Tuesday, November 3, 2009

Hmmm Lets study this a little further...

Hi Friends

I've been reading a lot lately about the extreme poverty on many reserves in this country. The reality is that third world conditions do not just apply to the reserves, but also for many aboriginals, it extends to the urban centers as well.
This, like every issue surrounding aboriginal communities has been thoroughly studied.

Canada has paid a hefty price economically, as well as reputation wise for the commission of, and then the shelving of these studies. The First Nations have also paid dearly for these ignored recommendations. Trust is gone, replaced by cynicism, reputations are tarnished, fed by racist hate speak around aboriginal issues, and hope has vanished for our young and elders alike.

The residential school survivors are dying off with no chance to tell their stories. The damage done to these communities is being passed off as a failing by the first nations. The government and much of society in general, refuse to acknowledge the genocide perpetrated by their colonialist policies while admonishing the First Nations to "get over it already". The youth in these communities are turning to suicide or to gang activity to deal with the sense of hopelessness they feel by the marginalized lives they lead. The social ills in these communities are only compounded by the sub standard housing and lack of employment, undelivered health care and poor education. The lack of will of those in government to address these issues head on and to do something concrete about them is glaringly obvious with every study shelved or dismissed as unworkable.

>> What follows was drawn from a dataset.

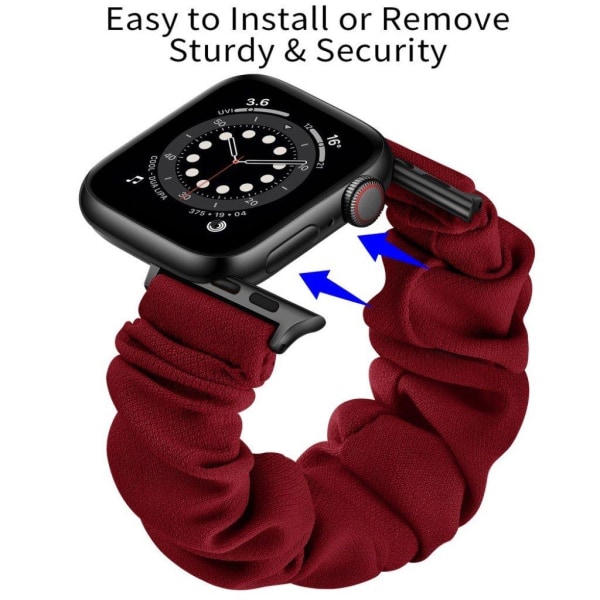 Apple Watch Series 6 / 5 40mm elastic hair band style watch strap - Silver Connector / Wine Red / Size: L Röd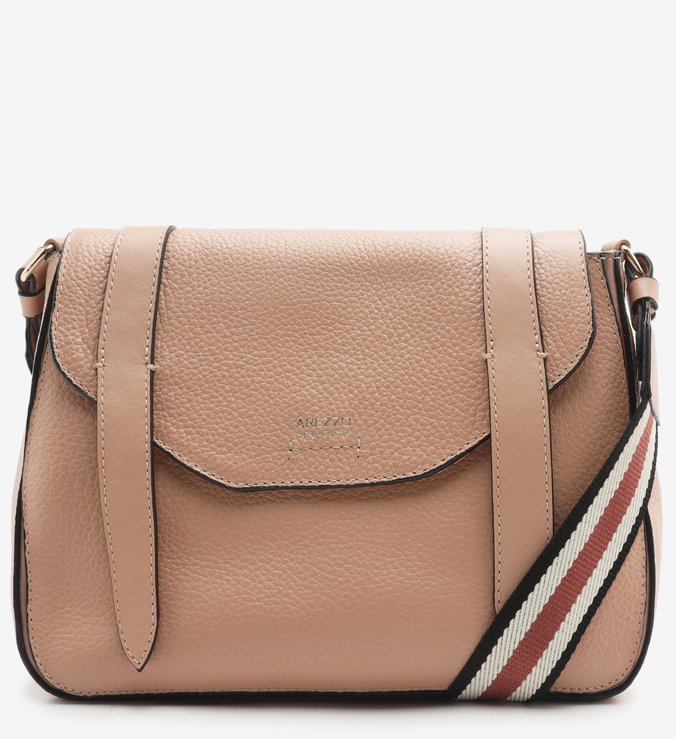 Bolsa Tiracolo Bege Couro Cintia Média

The more diabolical reason, that these studies get commissioned, then shelved, may be that the government only commissions these expensive studies to; (A) employ their friends and family
(B) "leak" more defamatory misinformation about the First Nation people
(C) never end their intent to deny the first nations a viable existence, or even more nefariously, finally and forever "rid themselves of the Indian problem" a quest started on in 1876 by Duncan Campbell Scott and the inaugural Indian Act legislation.

Here, I want to suggest yet another study. Lets find out once and for all, why all the studies, and truthfully, why no action?